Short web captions
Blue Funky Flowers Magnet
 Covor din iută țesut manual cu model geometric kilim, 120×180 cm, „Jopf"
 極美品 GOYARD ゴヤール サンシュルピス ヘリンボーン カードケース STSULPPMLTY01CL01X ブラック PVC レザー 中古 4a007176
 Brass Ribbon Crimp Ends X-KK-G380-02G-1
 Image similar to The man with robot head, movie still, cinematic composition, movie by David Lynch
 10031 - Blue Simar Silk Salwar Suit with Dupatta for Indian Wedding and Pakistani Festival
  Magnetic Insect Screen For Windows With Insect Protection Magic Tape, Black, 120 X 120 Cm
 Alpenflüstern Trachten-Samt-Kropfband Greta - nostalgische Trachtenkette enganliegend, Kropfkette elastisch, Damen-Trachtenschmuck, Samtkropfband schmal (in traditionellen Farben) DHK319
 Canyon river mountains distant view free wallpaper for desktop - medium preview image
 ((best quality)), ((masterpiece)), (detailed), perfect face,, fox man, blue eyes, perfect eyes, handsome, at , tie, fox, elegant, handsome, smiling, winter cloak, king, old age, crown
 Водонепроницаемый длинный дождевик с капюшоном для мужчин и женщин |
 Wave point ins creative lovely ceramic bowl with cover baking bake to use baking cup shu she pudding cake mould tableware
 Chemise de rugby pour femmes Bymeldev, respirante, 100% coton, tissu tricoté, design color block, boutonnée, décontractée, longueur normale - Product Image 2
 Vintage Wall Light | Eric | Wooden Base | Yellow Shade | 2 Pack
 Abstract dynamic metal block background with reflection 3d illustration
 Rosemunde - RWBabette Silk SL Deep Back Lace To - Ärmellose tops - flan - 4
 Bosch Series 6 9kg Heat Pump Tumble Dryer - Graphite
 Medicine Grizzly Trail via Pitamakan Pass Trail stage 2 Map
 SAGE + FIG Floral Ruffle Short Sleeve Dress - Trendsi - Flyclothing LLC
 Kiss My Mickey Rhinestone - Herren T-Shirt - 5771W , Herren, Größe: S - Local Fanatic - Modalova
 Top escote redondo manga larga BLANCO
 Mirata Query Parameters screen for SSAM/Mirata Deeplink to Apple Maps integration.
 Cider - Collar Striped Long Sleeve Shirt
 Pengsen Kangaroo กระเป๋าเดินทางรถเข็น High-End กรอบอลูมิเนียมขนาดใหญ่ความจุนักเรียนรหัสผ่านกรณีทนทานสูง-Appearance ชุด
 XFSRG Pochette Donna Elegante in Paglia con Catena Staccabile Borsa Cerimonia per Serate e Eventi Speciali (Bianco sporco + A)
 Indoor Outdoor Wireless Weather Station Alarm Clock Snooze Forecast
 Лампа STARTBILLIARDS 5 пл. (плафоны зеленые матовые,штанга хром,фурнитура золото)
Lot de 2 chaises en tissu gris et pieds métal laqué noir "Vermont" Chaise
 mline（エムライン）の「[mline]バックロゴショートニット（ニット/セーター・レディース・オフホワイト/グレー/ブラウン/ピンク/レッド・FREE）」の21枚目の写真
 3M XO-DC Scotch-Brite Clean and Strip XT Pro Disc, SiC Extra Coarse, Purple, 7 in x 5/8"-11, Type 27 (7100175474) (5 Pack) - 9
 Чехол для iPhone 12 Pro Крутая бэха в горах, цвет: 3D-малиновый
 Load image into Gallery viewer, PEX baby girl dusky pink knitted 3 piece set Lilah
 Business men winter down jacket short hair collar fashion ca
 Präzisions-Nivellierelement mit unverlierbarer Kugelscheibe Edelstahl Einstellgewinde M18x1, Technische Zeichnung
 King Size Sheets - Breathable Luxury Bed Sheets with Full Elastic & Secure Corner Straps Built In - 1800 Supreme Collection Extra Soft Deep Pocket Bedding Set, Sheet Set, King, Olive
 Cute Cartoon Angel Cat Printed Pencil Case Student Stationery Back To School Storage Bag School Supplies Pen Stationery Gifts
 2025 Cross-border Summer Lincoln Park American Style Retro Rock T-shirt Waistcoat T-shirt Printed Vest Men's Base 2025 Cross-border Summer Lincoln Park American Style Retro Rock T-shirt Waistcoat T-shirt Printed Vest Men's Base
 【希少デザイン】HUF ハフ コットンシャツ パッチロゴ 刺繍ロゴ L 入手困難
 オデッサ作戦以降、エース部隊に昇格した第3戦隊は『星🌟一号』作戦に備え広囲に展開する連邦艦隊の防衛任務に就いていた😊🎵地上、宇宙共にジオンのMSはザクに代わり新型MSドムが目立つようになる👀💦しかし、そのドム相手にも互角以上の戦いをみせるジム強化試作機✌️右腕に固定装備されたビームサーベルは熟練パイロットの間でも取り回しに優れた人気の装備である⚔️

THE PROBLEM:
Search the entries above for the word "Printed" and copy each line where it appears.

OUTPUT BELOW:
 Cute Cartoon Angel Cat Printed Pencil Case Student Stationery Back To School Storage Bag School Supplies Pen Stationery Gifts
 2025 Cross-border Summer Lincoln Park American Style Retro Rock T-shirt Waistcoat T-shirt Printed Vest Men's Base 2025 Cross-border Summer Lincoln Park American Style Retro Rock T-shirt Waistcoat T-shirt Printed Vest Men's Base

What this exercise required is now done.